Pés tortos e vestidos de bolinha

Morria de inveja das outras meninas. Observava pela janela do apartamento o pátio. Lá estavam elas, bonitas com seus vestidos de verão. Chupando pirulitos e fumando cigarros. Marias-chiquinhas tortas e tão charmosas. Os meninos vinham e às vezes elas os seguiam até o banco traseiro dos carros. Pareciam se divertir tanto lá dentro. Ela olhava pela janela. Queria ser como uma daquelas meninas, mas não podia. Era escrava de um corpo sem forma e de cabelos rebeldes demais que jamais comportariam marias-chiquinhas tortas e charmosas.

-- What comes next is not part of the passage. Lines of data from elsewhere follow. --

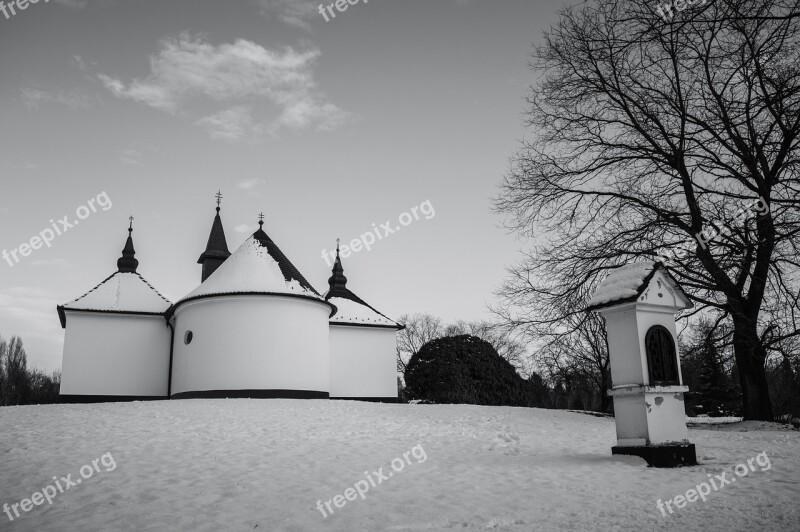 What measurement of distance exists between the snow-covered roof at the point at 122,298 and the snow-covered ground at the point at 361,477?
1214cm

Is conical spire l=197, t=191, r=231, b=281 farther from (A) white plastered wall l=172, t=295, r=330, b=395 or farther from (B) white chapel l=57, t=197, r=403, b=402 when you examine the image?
(A) white plastered wall l=172, t=295, r=330, b=395

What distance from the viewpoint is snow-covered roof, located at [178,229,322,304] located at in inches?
795

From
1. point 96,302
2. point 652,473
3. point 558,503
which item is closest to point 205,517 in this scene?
point 558,503

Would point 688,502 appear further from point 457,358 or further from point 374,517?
point 457,358

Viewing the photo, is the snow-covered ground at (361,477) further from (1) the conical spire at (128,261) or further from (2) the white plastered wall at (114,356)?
(1) the conical spire at (128,261)

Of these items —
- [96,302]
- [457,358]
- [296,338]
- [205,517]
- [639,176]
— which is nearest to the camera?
[205,517]

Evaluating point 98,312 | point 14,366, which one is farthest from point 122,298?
point 14,366

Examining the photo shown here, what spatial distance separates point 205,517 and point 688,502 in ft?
15.9

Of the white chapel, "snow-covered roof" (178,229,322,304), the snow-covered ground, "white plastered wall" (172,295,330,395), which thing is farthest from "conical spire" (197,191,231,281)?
the snow-covered ground

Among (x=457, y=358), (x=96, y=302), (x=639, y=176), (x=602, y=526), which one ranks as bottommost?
(x=602, y=526)

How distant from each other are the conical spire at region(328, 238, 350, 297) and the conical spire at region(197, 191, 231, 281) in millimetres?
5536

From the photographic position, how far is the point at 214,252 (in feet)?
99.2

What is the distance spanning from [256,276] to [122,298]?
797 cm

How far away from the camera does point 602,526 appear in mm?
5199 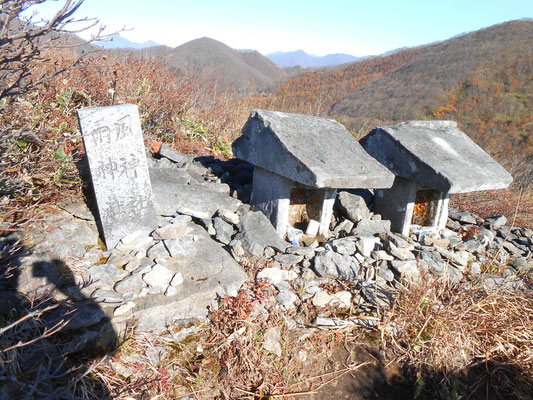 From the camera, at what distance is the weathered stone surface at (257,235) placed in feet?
9.95

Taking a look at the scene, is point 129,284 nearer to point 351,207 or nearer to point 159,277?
point 159,277

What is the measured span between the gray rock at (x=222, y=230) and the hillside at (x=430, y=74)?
875 inches

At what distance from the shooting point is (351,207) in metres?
3.72

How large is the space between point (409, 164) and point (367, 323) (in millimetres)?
1713

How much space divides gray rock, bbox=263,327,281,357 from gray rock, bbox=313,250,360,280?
741 millimetres

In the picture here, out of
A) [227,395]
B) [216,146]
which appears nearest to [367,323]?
[227,395]

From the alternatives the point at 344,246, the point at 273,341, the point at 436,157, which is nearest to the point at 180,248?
the point at 273,341

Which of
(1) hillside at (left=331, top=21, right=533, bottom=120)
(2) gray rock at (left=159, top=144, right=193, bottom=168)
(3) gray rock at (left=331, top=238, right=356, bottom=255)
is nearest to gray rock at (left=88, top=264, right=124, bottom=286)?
(3) gray rock at (left=331, top=238, right=356, bottom=255)

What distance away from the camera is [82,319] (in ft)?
6.82

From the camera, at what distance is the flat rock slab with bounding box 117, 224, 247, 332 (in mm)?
2316

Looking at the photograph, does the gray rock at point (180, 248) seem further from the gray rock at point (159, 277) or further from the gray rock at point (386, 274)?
the gray rock at point (386, 274)

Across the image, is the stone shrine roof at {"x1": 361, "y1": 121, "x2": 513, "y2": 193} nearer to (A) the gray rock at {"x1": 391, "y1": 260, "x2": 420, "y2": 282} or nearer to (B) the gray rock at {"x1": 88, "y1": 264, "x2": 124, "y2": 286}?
(A) the gray rock at {"x1": 391, "y1": 260, "x2": 420, "y2": 282}

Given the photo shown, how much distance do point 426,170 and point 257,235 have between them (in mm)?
1784

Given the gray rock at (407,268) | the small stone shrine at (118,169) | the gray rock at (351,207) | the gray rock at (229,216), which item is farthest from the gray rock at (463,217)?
the small stone shrine at (118,169) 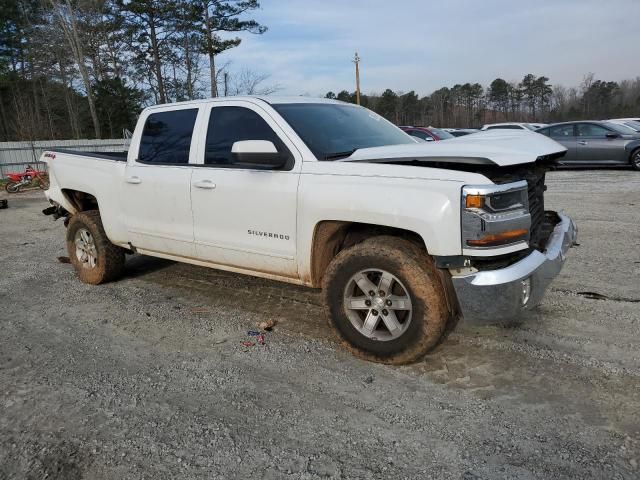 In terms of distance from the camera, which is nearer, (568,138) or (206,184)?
(206,184)

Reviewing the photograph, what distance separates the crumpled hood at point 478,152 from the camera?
3.06 m

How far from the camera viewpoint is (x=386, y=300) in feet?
11.3

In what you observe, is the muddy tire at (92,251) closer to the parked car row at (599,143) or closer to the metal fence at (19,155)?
the parked car row at (599,143)

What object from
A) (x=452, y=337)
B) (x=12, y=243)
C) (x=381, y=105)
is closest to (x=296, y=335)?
(x=452, y=337)

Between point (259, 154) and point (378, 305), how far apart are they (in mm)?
1371

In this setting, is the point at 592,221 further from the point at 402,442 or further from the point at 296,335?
the point at 402,442

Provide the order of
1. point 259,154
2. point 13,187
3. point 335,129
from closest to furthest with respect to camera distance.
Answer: point 259,154 < point 335,129 < point 13,187

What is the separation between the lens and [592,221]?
25.9 feet

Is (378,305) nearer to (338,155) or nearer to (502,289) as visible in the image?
(502,289)

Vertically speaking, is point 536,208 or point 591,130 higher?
point 591,130

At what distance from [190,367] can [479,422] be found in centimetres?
197

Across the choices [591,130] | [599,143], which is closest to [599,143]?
[599,143]

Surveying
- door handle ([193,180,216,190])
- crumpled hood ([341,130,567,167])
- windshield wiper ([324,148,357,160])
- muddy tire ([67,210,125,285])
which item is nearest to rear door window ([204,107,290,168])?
door handle ([193,180,216,190])

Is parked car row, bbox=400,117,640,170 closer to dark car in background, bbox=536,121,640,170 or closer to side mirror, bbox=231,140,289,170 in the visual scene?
dark car in background, bbox=536,121,640,170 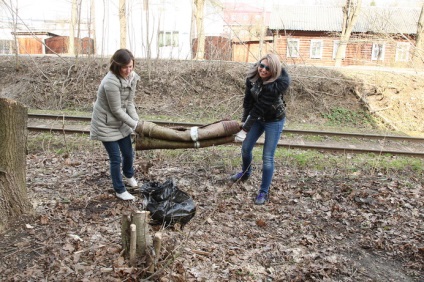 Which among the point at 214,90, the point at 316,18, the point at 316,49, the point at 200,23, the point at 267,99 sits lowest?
the point at 214,90

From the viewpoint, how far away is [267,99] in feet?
15.4

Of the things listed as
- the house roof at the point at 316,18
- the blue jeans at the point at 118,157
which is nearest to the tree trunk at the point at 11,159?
the blue jeans at the point at 118,157

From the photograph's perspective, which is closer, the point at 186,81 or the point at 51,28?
the point at 186,81

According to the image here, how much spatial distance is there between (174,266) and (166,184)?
1418mm

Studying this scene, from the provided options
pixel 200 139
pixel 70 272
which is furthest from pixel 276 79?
pixel 70 272

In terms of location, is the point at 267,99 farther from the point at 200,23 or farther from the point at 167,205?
the point at 200,23

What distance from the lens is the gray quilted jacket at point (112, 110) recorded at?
424 cm

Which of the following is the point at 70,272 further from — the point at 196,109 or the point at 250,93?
the point at 196,109

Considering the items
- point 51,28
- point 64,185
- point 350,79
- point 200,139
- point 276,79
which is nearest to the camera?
point 276,79

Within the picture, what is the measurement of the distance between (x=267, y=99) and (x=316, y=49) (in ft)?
90.9

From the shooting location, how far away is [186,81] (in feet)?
47.9

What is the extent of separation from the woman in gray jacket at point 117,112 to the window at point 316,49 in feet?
91.1

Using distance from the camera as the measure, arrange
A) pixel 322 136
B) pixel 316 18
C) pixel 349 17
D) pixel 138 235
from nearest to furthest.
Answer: pixel 138 235 < pixel 322 136 < pixel 349 17 < pixel 316 18

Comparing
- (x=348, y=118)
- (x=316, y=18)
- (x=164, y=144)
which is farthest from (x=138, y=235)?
(x=316, y=18) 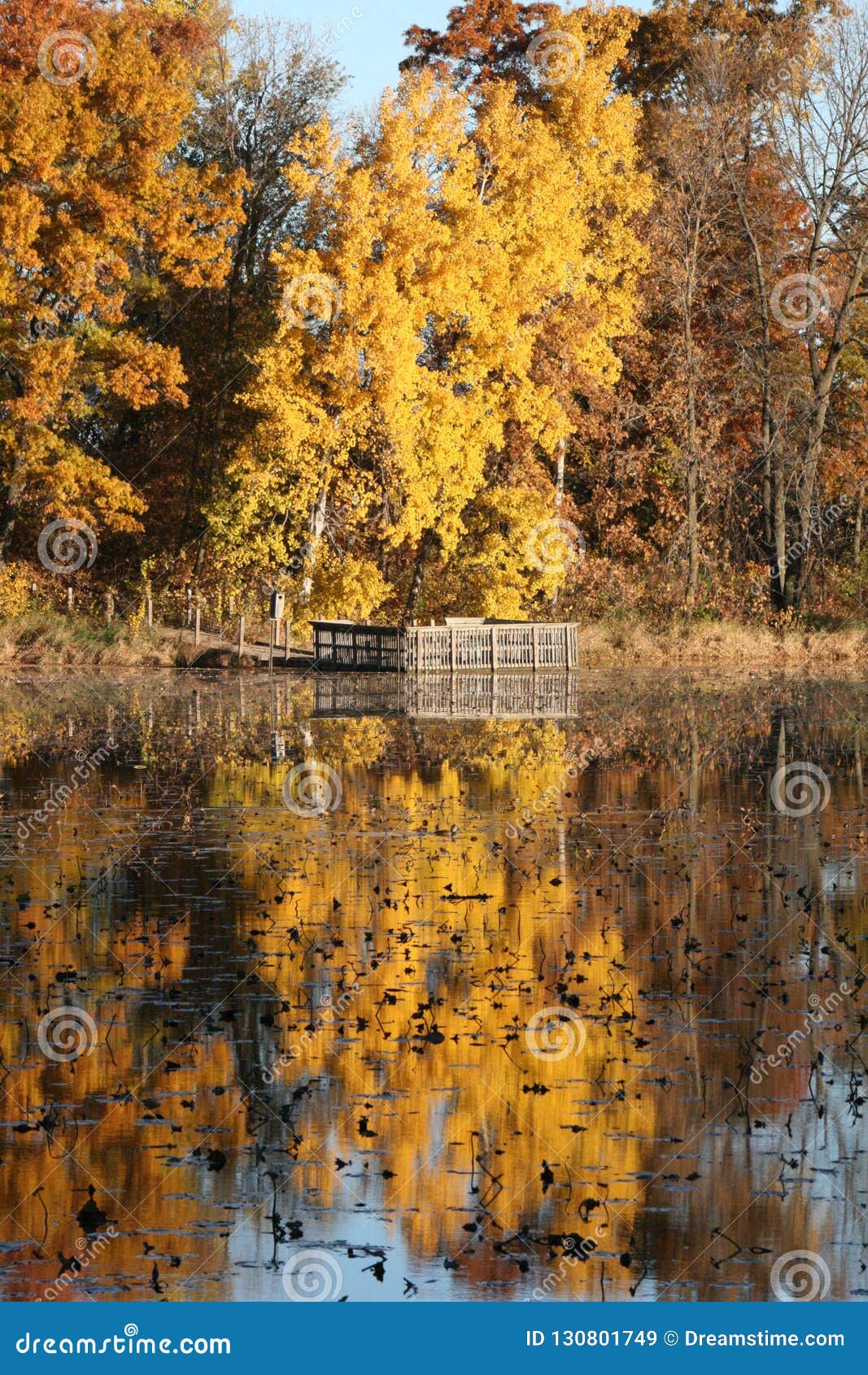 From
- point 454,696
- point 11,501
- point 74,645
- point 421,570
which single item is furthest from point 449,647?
point 11,501

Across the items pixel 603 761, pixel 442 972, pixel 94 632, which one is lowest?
pixel 442 972

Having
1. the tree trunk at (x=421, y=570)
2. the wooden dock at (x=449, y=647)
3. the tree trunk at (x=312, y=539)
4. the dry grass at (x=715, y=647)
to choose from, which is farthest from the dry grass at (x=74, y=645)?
the dry grass at (x=715, y=647)

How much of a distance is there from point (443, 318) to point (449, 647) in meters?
10.3

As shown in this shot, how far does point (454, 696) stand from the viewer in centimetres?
3888

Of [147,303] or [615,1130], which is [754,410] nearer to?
[147,303]

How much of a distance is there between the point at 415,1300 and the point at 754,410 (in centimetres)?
5654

Quando o dia estava quente elas se deitavam na grama e riam olhando para o céu. Alisavam o cabelo uma das outras e ás vezes pulavam corda. Na escola uma vez, uma delas, a mais bonita de todas, prometeu telefonar. Ela esperou o verão inteiro.

Sábado a noite era ruim. Todas no pátio ou com os meninos no banco traseiro dos carros. Umas tomavam cervejas, outras chupavam pirulitos e fumavam cigarros. Lábios vermelhos como morangos. Riam, davam gritinhos e pulavam de calcinhas de babados e sutiãs cor-de-rosa na piscina de plástico. As mães não estavam em casa. Era sábado a noite e elas estavam seguindo homens para o banco traseiro de caminhonetes ou quartos de motéis. Ela pálida, com o umbigo estufado numa barriga pontuda, disforme no reflexo do espelho.

Domingo a tarde era díficil de respirar. Tudo ficava em absoluto silêncio e a chuva de verão ameaçava cair com força. As meninas não estavam. Deviam estar pintando as unhas de lilás e usando vestidos de bolinhas que mostravam as calcinhas de babados quando se sentavam. Ela usava o cinto do padrasto amarrado no pescoço, mas aquele cinto parecia ser curto demais. Pensou no lençol da irmã de pequenas margaridas. Não pesava mais do que 40 quilos e achou que seria fácil acabar com tudo aquilo. Um menino na escola já havia feito semestre passado e disseram que ele estava nú, mas ela não achava que precisava ficar nua e preferiu usar o vestido que ganhara da avó de natal e que nunca usara porque mostrava demais as costelas nas costas. Nunca havia reparado nas suas costelas até usar aquele vestido horrível. Se olhou no espelho e achou que estava ridícula, pensou que a tristeza que sentia era muito maior do que o corpo que estava presa. Desligou o telefone que nunca tocava e também o ventilador de teto.

Quando as luzes piscavam em azul e vermelho, ela acordou e reconheceu seus pés tortos estendidos. Passou por todas as meninas iguais que olhavam e deixavam para trás os meninos e os pirulitos só para vê-la. Pela primeira vez elas prestavam atenção nela e sentiu algo que jamais havia sentido, finalmente não era mais invisível. Ela havia acertando o placar com elas que nunca ligavam, roubava toda a atenção e estava certa de que iriam falar sobre aquilo durante todo o ano - ela era tão famosa quanto as meninas agora.

Sabia que se tivesse bastante sorte talvez a convidassem para o banco traseiro de algum carro para chupar pirulitos e fumar cigarros, ou fosse lá o que eles fizessem durante os verões.